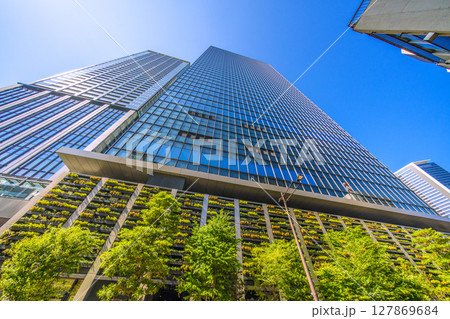 日本の東京都市景観　浜松町駅前の世界貿易センタービルディング南館などを望む 127869684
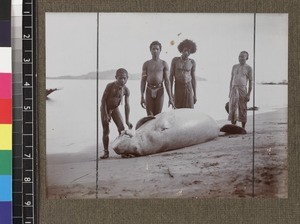 Men and boy on beach with dugong, Delena, Papua New Guinea, ca. 1905-1915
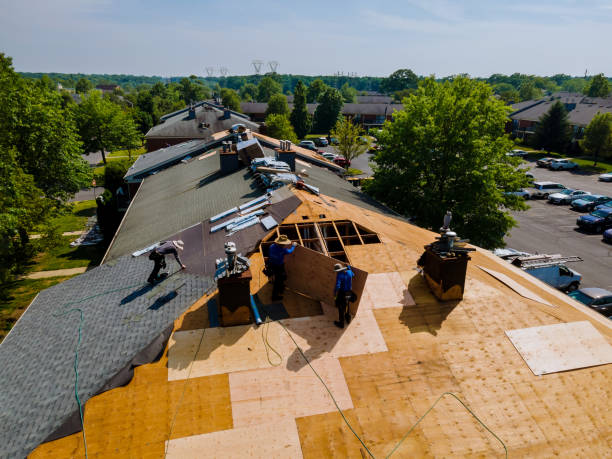 Trusted Roof Replacement service in Clayton, ID - Brentwood Metal Roofing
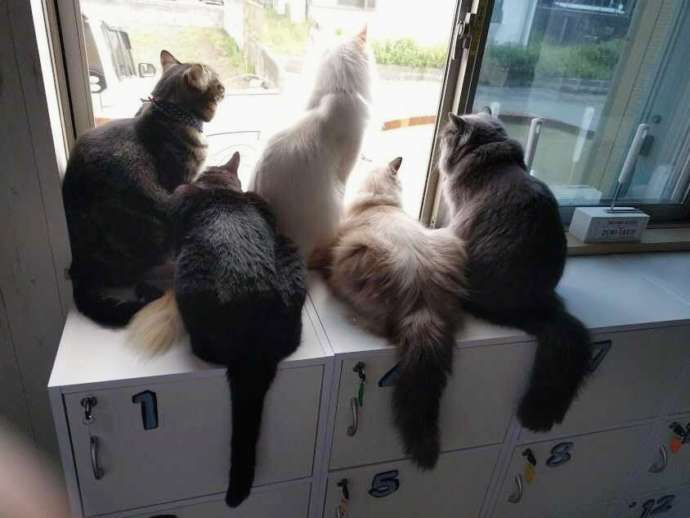 「ねこのひたい」に在籍する猫たち
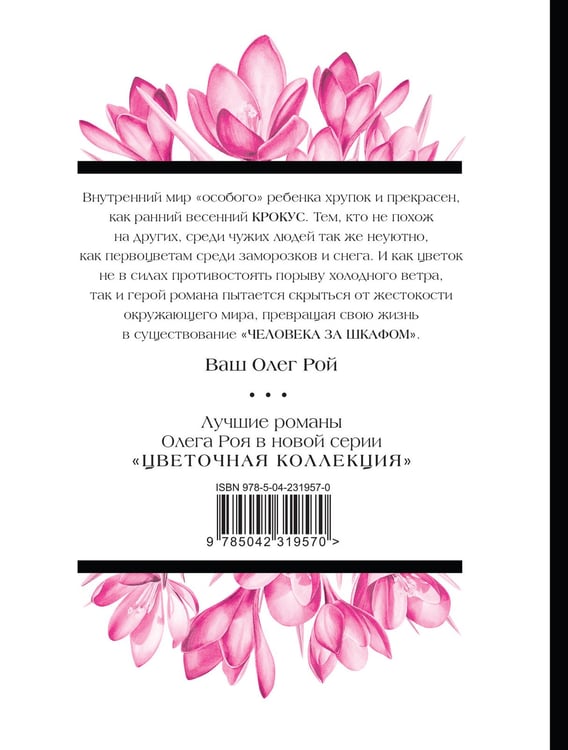 Дополнительное изображение книги «Человек за шкафом»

□ □ □ □ □ □ □

### WORK TO COMPLETE
Repeat, exactly and only, the lines from the one containing "Men and boy" through the final line of the data, both ends included, leaving out any picture.

### ANSWER SPACE
 Men and boy on beach with dugong, Delena, Papua New Guinea, ca. 1905-1915
 Trusted Roof Replacement service in Clayton, ID - Brentwood Metal Roofing
 「ねこのひたい」に在籍する猫たち
 Дополнительное изображение книги «Человек за шкафом»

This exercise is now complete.